The Origins of Muskoday First Nation, Saskatchewan

The land of the Muskoday First Nation was settled by Chief John Smith of a Cree and Saulteaux band originally from the Saint Peter's Reserve near Selkirk, Manitoba. In the 1870s, Chief Smith settled along the South Saskatchewan River and signed onto Treaty Six at Fort Carlton in 1876, legally establishing the settlement as an Indian reserve. The reserve and First Nation were initially named after Chief John Smith, who was a brother of Chief James Smith, the founder of the James Smith First Nation.

A Journey Through the History of Muskoday First Nation, Saskatchewan

The history of the Muskoday First Nation is rich and diverse, marked by significant events and milestones. From the establishment of a day school and farming in the 1800s to the opening of the Muskoday Community School in 2006, the community has seen remarkable growth and development. The First Nation's name was officially changed from the John Smith/Muskoday Reserve to the Muskoday First Nation in 1993. The Muskoday Bridge, built during the 1970s, links the town of Birch Hills with Prince Albert and divides the reserve lands roughly in half.

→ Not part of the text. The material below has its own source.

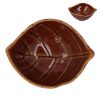 Stoneware Mini Dish 3cm - Brown Leaf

Services in Muskoday First Nation, Saskatchewan

The Muskoday First Nation government provides several services to its people. In 1997, the First Nation designed a Land Code to manage its own lands, leading the way for further development of services. These include a housing development known as "the village," a water plant, a community health center, an administration building, and a band hall. The community also houses a gas bar, a convenience store, and a post office.

The Reserve of Muskoday First Nation, Saskatchewan

The Muskoday First Nation has reserved for itself the 9,686.8 hectare Muskoday First Nation Reserve, located approximately 19 km southeast of the city of Prince Albert. The community of the Muskoday First Nation is located on this reserve. The First Nation is engaged in ongoing discussions with the federal Government of Canada regarding land ownership and entitlement. At the time of the signing of Treaty 6, the incorrect amount of land was reserved for the Muskoday, leading to a Treaty Land Entitlement (TLE) claim. The TLE claim was approved and ratified by Muskoday members in 2007.

The Spiritual Life of Muskoday First Nation, Saskatchewan

Unlike many other Cree Nations in the area, the Muskoday First Nation was almost entirely Anglican in the 19th and 20th centuries, with no Roman Catholic influence. Traditional spirituality and practices remained strong, however. Today, the two church congregations serving the Muskoday First Nation are St. James Anglican Church and the Muskoday Baptist Church.